YOUR GOAL: Omit all images, then repeat exactly the lines below from the one containing "What Survival-expert.com website" through the one containing "아디다스 검흰 져지 상품이미지1", both ends included.

INPUT MATERIAL:
━━━━━━━━━━

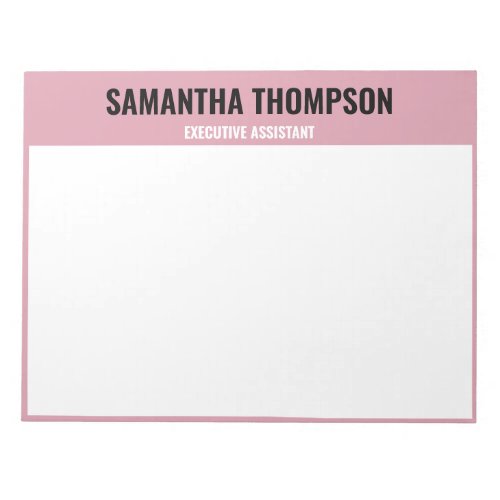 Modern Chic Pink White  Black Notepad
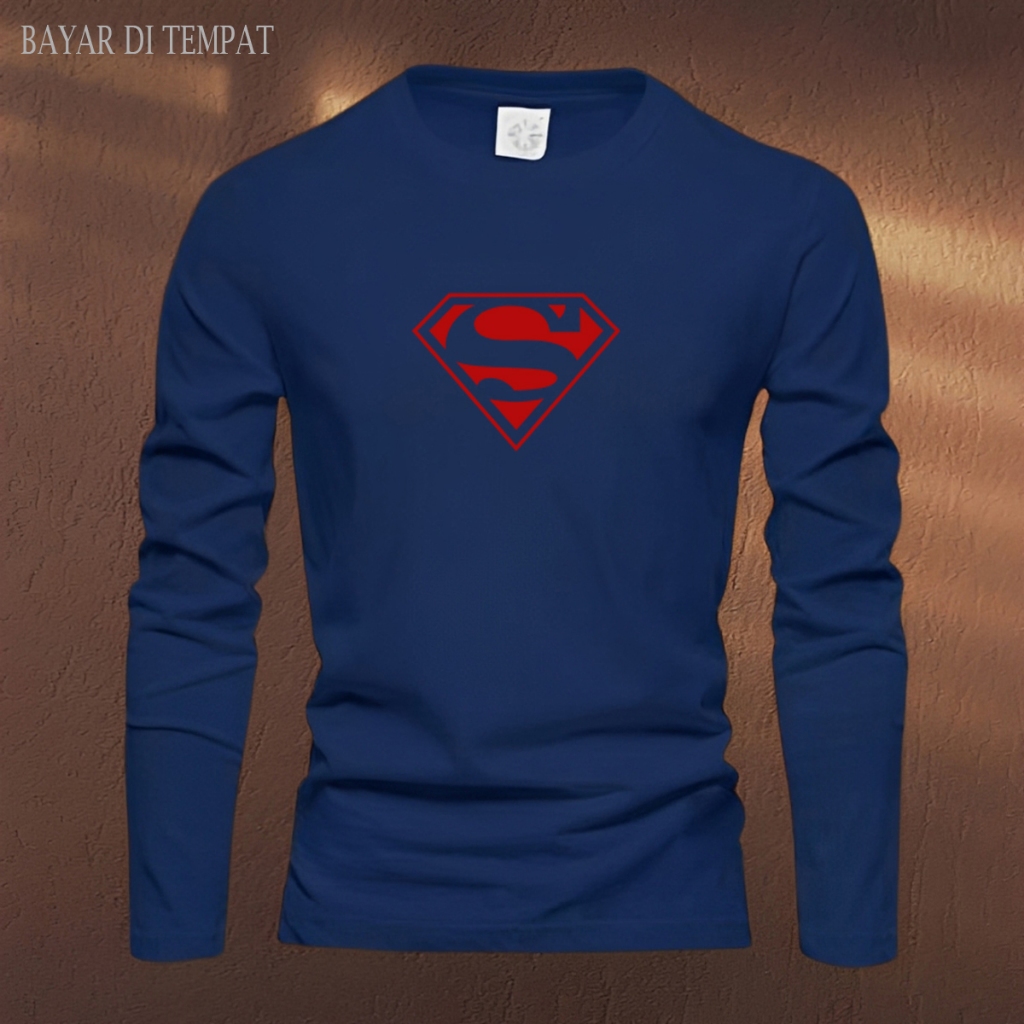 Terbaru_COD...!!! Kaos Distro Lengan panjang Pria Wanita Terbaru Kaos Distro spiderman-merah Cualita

━━━━━━━━━━

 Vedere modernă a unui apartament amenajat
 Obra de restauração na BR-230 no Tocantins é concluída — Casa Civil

━━━━━━━━━━

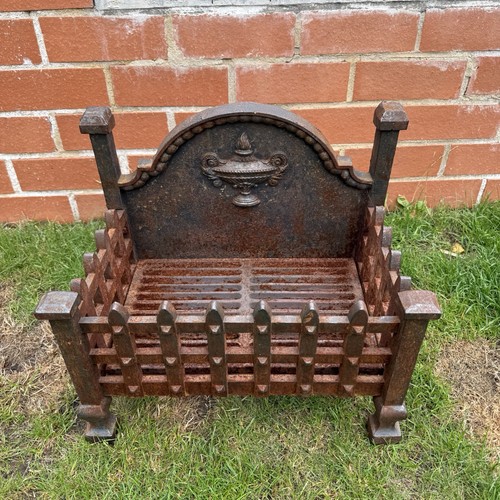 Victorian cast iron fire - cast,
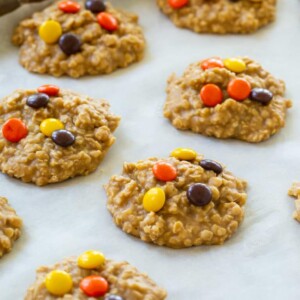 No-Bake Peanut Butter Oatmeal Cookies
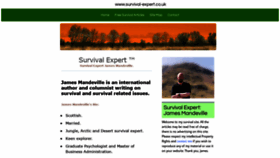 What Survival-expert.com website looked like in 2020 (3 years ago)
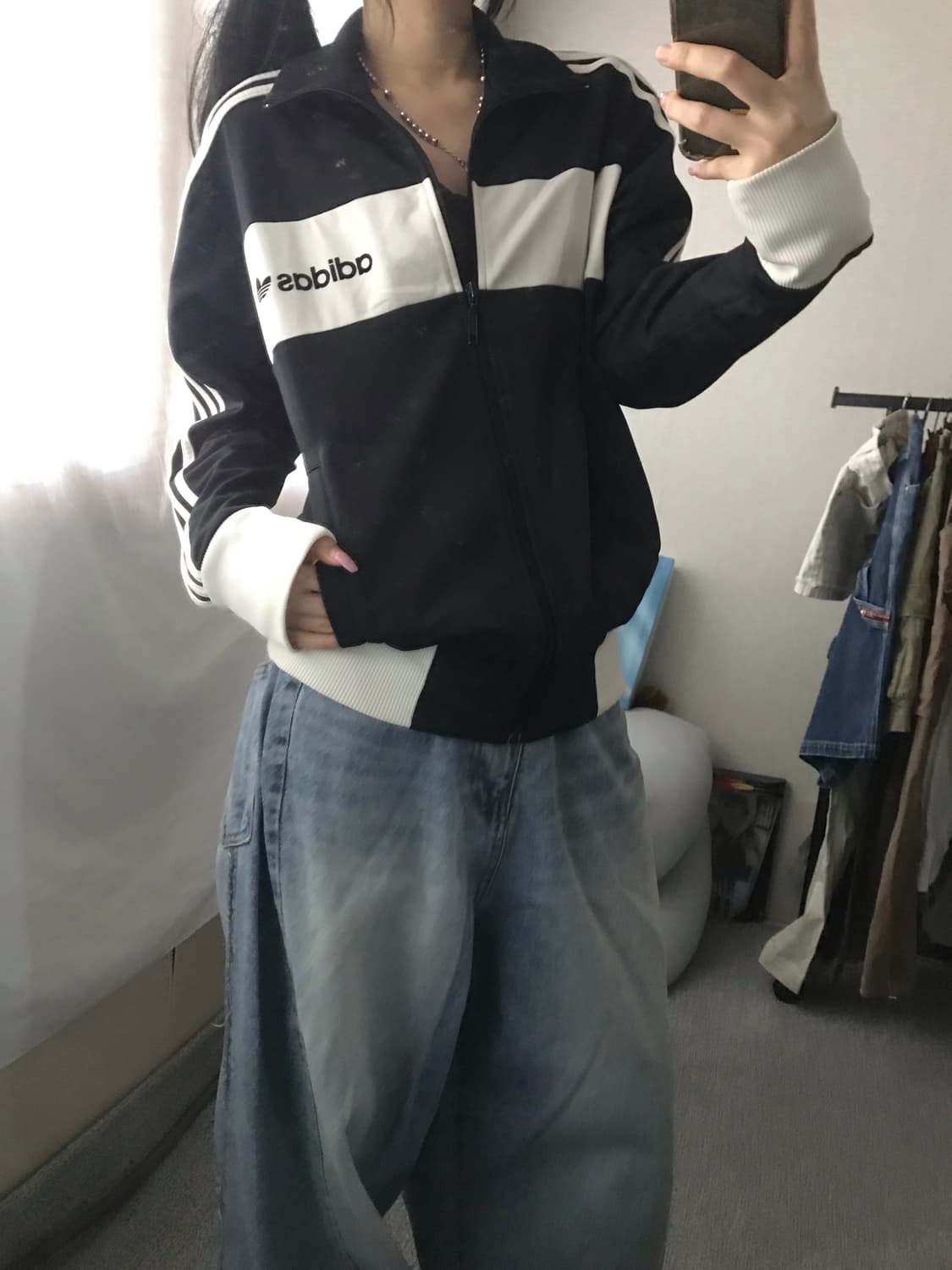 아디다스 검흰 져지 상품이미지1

━━━━━━━━━━

EXERCISE RESULT:
 What Survival-expert.com website looked like in 2020 (3 years ago)
 아디다스 검흰 져지 상품이미지1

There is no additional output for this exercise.